EXERCISE DESCRIPTION: Set down all of the data exactly. Pictures stay out of the copy.

COLLECTED DATA:
☆ ☆ ☆ ☆ ☆ ☆ ☆

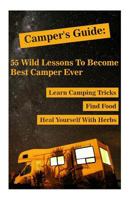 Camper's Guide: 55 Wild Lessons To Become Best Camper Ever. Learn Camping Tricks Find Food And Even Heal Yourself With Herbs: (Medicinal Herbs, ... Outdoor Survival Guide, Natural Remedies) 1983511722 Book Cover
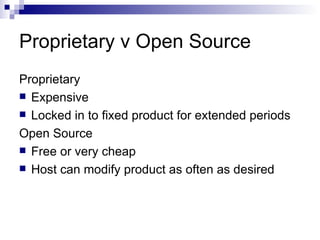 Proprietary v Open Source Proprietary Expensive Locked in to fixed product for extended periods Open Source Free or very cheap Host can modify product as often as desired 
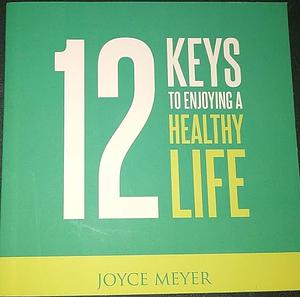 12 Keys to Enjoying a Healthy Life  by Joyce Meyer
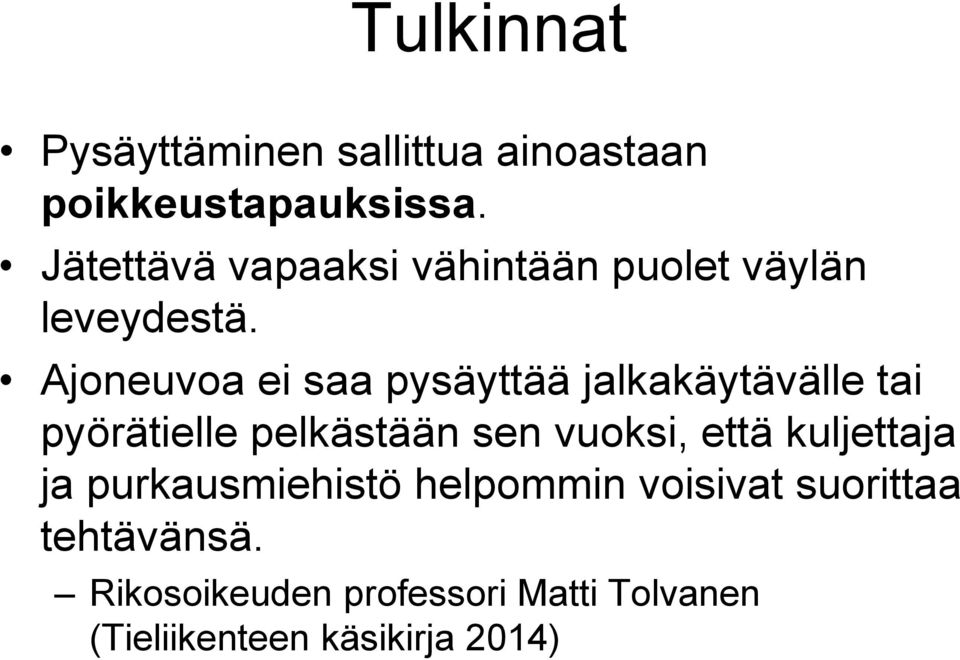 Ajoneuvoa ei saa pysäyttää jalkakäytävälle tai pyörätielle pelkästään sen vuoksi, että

☆ ☆ ☆ ☆ ☆ ☆ ☆

TASK RESULT:
 Camper's Guide: 55 Wild Lessons To Become Best Camper Ever. Learn Camping Tricks Find Food And Even Heal Yourself With Herbs: (Medicinal Herbs, ... Outdoor Survival Guide, Natural Remedies) 1983511722 Book Cover
 Proprietary v Open Source Proprietary Expensive Locked in to fixed product for extended periods Open Source Free or very cheap Host can modify product as often as desired 
 12 Keys to Enjoying a Healthy Life  by Joyce Meyer
 Ajoneuvoa ei saa pysäyttää jalkakäytävälle tai pyörätielle pelkästään sen vuoksi, että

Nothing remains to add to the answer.